Having a queue and process the events in order would be one way how I could solve my problem. However I did not find a way how I can do this with forge. I.e. how one can create a queue and put items on it from concurrent functions such that the items on the queue are handled after each other.

I’ll try to elaborate a bit more what I want to achieve (this is a reduced example which does not really make sense, but hopefully shows what I want to do):

Given: a list L of issues: [IssueA, IssueB, IssueC]
Whenever any issue gets updated I want to assign the issue name of the updated issue to custom fields on the issues of L.

The app would look like this:

  1. Subscribe to the event avi:jira:updated:issue (see https://developer.atlassian.com/platform/forge/events-reference/jira/#issue-events)
  2. In the event handler I will assign the issue name of the issue which triggered the event handler to a custom field for all issues contained in the list L.

So if an issue with name “Issue1” gets updated, the event handler will assign “Issue1” to a custom field in “IssueA”, “IssueB” and “IssueC”.

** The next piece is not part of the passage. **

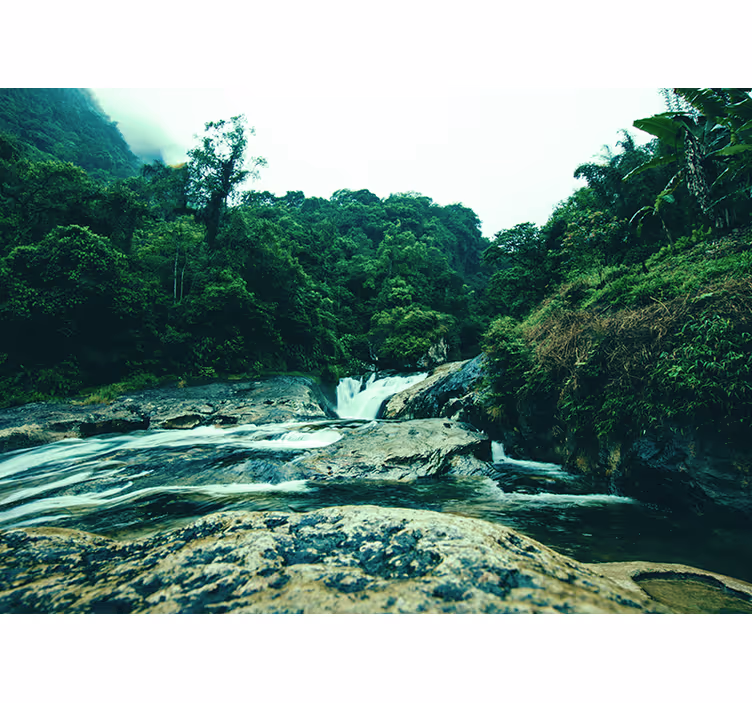 Serene Green Scene wall mural waterfall - TenStickers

The problem now is if two issues (“Issue1” and “Issue2”) are modified and the corresponding event handlers (let’s call them issue_1_event_handler and issue_2_event_handler) are executed concurrently:

Time	| issue_1_event_handler					   		|  issue_2_event_handler
------------------------------------------------------------------------------------------------------------------------------------
  ↓		|  update custom field of IssueA to "Issue1"	|
  ↓		|  update custom field of IssueB to "Issue1"	|
  ↓		|												|  update custom field of IssueA to "Issue2"
  ↓		|												|  update custom field of IssueB to "Issue2"
  ↓		|												|  update custom field of IssueC to "Issue2"
  ↓		|  update custom field of IssueC to "Issue1"	|

Then, in this case (it’s non-deterministic), the custom fields of IssueA and IssueB would have the value “Issue2”, whereas the one of IssueC would have the value “Issue1”. I.e. the values would be inconsistent.

I hope this makes my problem a bit clearer.